In the just concluded African summit in Addis Ababa, Ethiopia, Col. Gaddafi who is the newly elected chairman of the African Union assured fellow summit leaders that his unity project would be approved at the next meeting in July unless there was a majority against it. The Libyan Leader knows however that African leaders are not near to a settlement on the issue.
The AU usually relies on consensus in reaching decisions, but reports have claimed that Col Gaddafi introduced the Islamic concept which holds that silence is an approval. However, the new African Union chairman has no singular decision-making power, and cannot push through any changes without the consensus of the other leaders but under this newly introduced islamic principle, at least two-thirds of the African Union leaders would have to actively oppose him, rather than just keep quiet over his ideas and initiatives.
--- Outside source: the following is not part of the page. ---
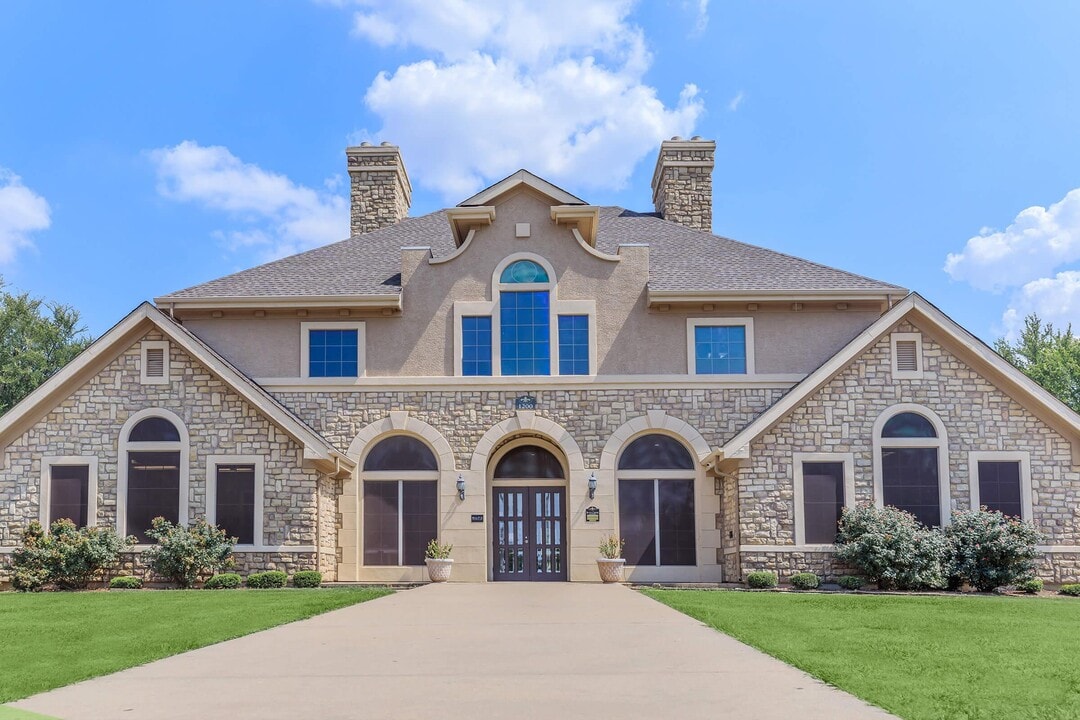Rush Creek in Arlington, TX - Foto de edificio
In his inauguration, in Addis Ababa, Gaddafi wore a golden brocade robe and cap, and sat with the traditional African leaders who last August named him the “king of kings” of Africa. The traditional kings accompanied him at the front of the room, where he sat. Reports claim that he circulated a letter saying he was coming as the king of the traditional kings of Africa, prior to his arrival at the summit. He also refused to sit in the seat for the Libyan delegate.
Some African leaders believe that he is too erratic to be AU chairman. He was however elected by the heads of state of the 53-member union behind closed doors at a summit in Ethiopia. And even though delegates were uneasy about Gaddafi’s nomination to replaces the Tanzanian President, Jakaya Kikwete, he was seen to be the obvious choice.